### EXERCISE AIM
Begin at the line below that has "1720 Acme Street". Stop after the line that has "Lomas Brown 1991", repeating each line exactly and leaving out the pictures.
==== PROVIDED DATA
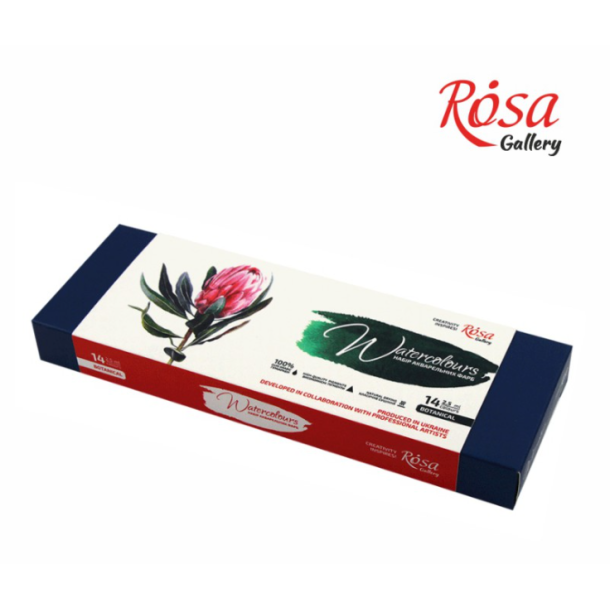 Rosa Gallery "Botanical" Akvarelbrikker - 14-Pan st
========
==== PROVIDED DATA
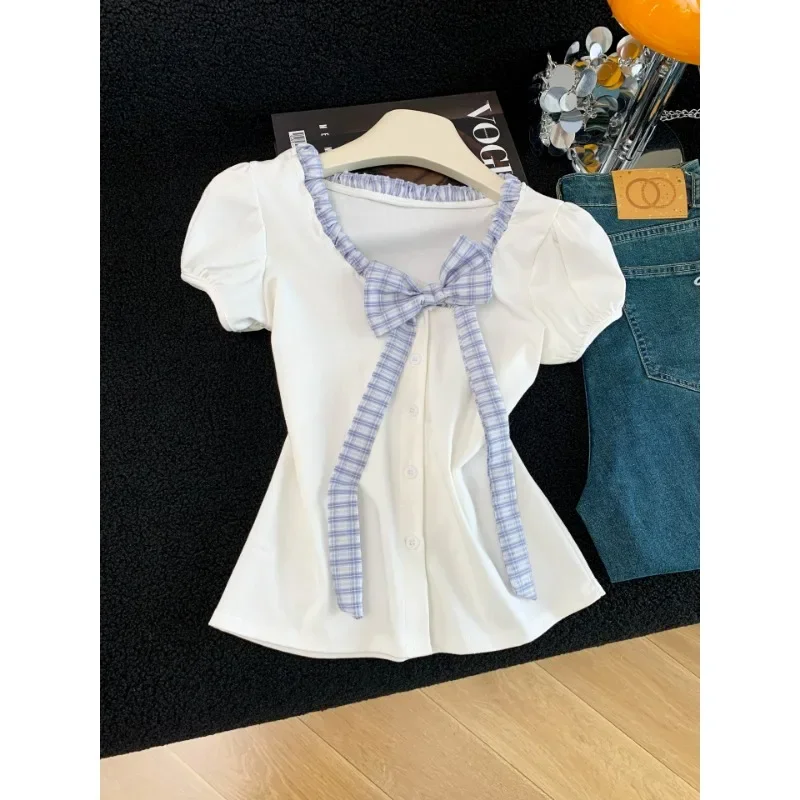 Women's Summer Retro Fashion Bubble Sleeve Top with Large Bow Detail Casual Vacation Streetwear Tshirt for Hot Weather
========
==== PROVIDED DATA
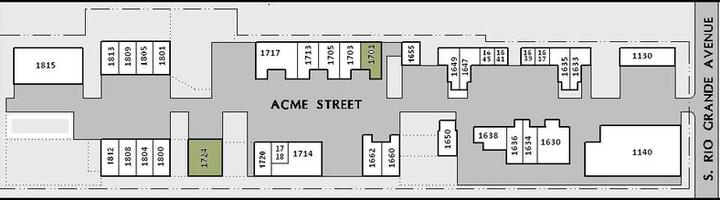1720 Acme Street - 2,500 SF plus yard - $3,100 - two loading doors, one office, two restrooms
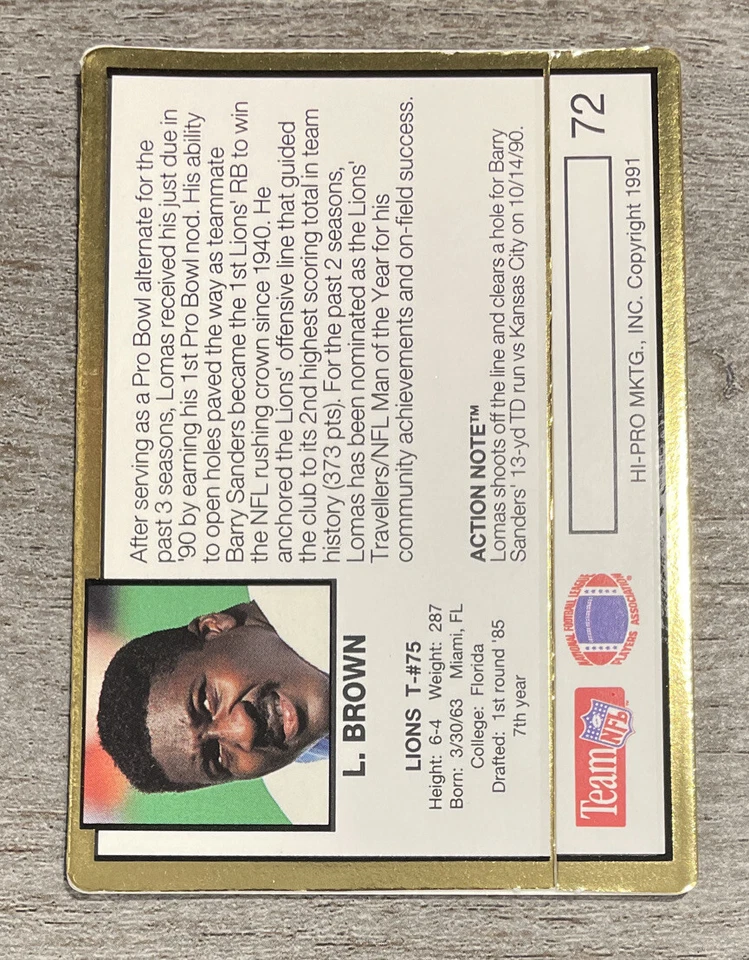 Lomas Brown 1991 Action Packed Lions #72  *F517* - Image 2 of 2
========
### SOLUTION TO THIS PROBLEM
1720 Acme Street - 2,500 SF plus yard - $3,100 - two loading doors, one office, two restrooms
 Lomas Brown 1991 Action Packed Lions #72  *F517* - Image 2 of 2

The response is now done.